Dank für die gute alte Kartoffel und alles, was bescheiden am Wegesrand wächst – selbst die Brennnesseln sind essbar!
Dank für ein kühles Bierchen und die dampfende Tasse Kaffee.
Dank für die bedenkenswerten Stoppschilder der Vegetarier und Veganer.
Dank für die Fähigkeit, genießen zu können!
Dank also in die Küche – und Dank an Gott, für dieses Fest- das großartige Gemeinschaftswerk eines guten Essens.
November
Der Sohn beobachtet kritisch die brennende Kerze. „Komisch, die Kerze wird immer kleiner!“ Die Mutter: „Ja und?“ „Na, auf der Packung stand aber: ‘Wachskerzen‘!“ Die eigentümliche Mathematik Gottes: Minus minus minus - wird Plus.
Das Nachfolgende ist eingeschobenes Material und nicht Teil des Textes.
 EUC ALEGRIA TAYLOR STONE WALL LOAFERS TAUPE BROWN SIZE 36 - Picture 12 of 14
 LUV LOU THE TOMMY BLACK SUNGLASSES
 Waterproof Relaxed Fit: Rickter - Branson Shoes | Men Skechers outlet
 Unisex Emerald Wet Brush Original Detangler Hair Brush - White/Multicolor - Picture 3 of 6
Du gibst und gibst und gibst – und wirst reich! Nicht reich an Euro, sondern reich im Inneren. Reich durch einen „Schatz im Himmel“. Wie das Mädchen im Märchen von den Sterntalern. Es gibt und gibt und gibt, gibt selbstlos das letzte Hemd weg – „und wie es da stand und gar nichts mehr hatte, da fielen auf einmal die Sterne vom Himmel, und es war reich für sein Lebtag.“ Nur ein schönes Märchen? Nein, Wirklichkeit. Nicht unbedingt bei uns; wir könnten uns überfordert fühlen. Aber gewiss bei Gott. Auf jeden Fall im Leben von Jesus. Aus Liebe gibt er alles hin, selbst sein Leben. Er behält nichts für sich zurück. Und so, ganz entleert, ganz ausgezogen, wird er beschenkt mit dem Himmel, dem österlichen ewigen Leben.
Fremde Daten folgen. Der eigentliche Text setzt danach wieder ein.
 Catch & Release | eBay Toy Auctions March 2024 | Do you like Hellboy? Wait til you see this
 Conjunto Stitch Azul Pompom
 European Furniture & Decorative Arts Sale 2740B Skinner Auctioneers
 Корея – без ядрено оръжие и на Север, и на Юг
Mathematik Gottes: „Liebe ist das Einzige, was sich verdoppelt, wenn man es teilt“, sagt Albert Schweitzer, der berühmte Urwalddoktor.
Jede Kerze steht dafür ein. Die „Berufung“ einer Kerze ist nicht, für sich im Schrank zu liegen, sondern zu brennen, zu leuchten, Licht zu geben in der Dunkelheit. Sie schont sich nicht, sie löst sich auf. So „wächst“ sie in ihren Sinn hinein. Eben: „Wachskerze“!
Dezember
Fragt eine Gans die andere: „Sag mal, glaubst du an ein Leben nach Weihnachten?“ Weihnachten: Die Leute gucken in den Lichterbaum, und die Gänse gucken in die Röhre - die Bratröhre. Die Leute feiern einen Geburtstag; den Gänsen droht der Todestag. Somit ist der Zugang zu Weihnachten für Mensch und Gans ziemlich unterschiedlich…
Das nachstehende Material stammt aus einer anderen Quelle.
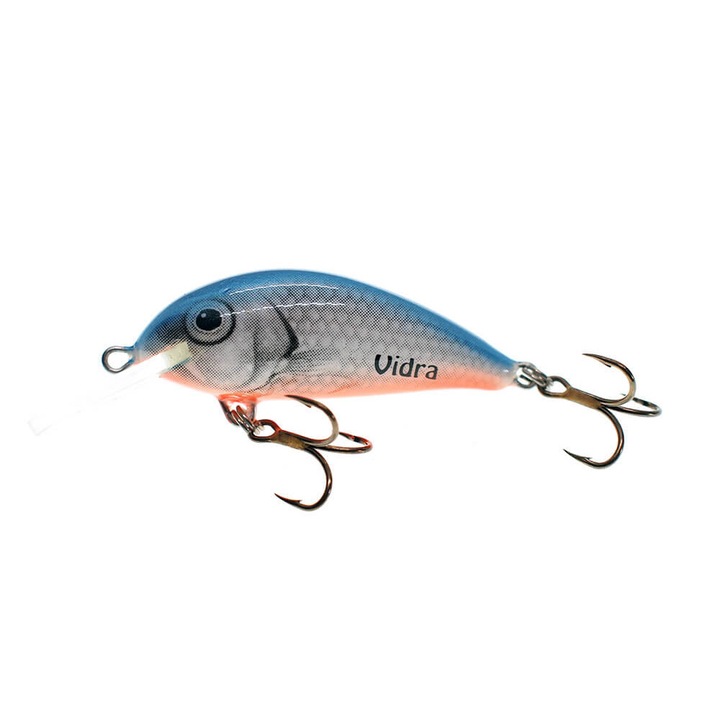 Vobler minnow Wobbler Vidra Agility, 4.5cm, 6gr, Sinking, BL (Blue)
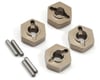 Image 1 for Redcat Aluminum Wheel Hex Mount w/Pins (4)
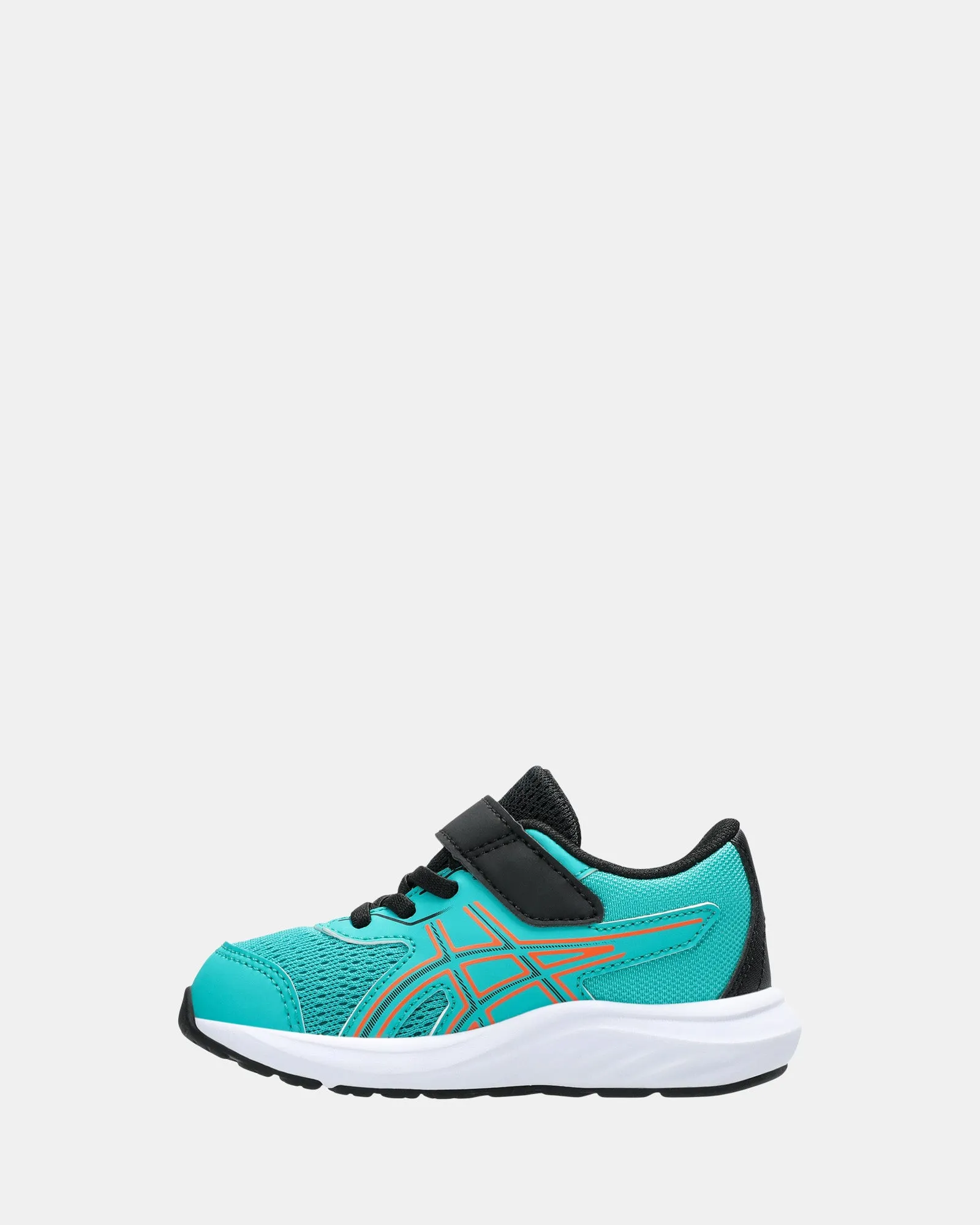 Asics Kinder-Schuhe Contend 9 Infant Wave Teal/Schwarz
Ob die Tiere in den Himmel kommen? Die Theologen sind sich da nicht einig. Früher hat man darüber kaum nachgedacht. Da gab es auch noch keine Veganer! Heute werden die Tiere mehr und mehr als „Verbündete“ gesehen: sie wollen leben, wie wir. Und sind uns dadurch näher als das Werk unserer Hände, Maschinen, Automaten und Roboter. So manchem Haustier werden viele Tränen nachgeweint. Einem Computer geschieht das eher selten…
Ochs und Esel an der Krippe: Die Tiere haben ihre Vertreter im Stall von Bethlehem. Sie sind dabei, als der Erlöser das Licht der Welt erblickt. Das Licht einer Schöpfung, die noch – wie in Geburtswehen - der Erlösung entgegenseufzt (laut Paulus). Einer Erlösung nicht nur für Christen, sondern für den ganzen Kosmos! Also auch für Gänse und Schafe, für Ochs und Esel. Dann, sagt Jesaja voraus, „legt der Panther zum Böcklein sich nieder, gemeinsam lagern der Wolf und das Lamm.“ Ein großer Friede in einer erlösten Welt, im „Leben nach Weihnachten“.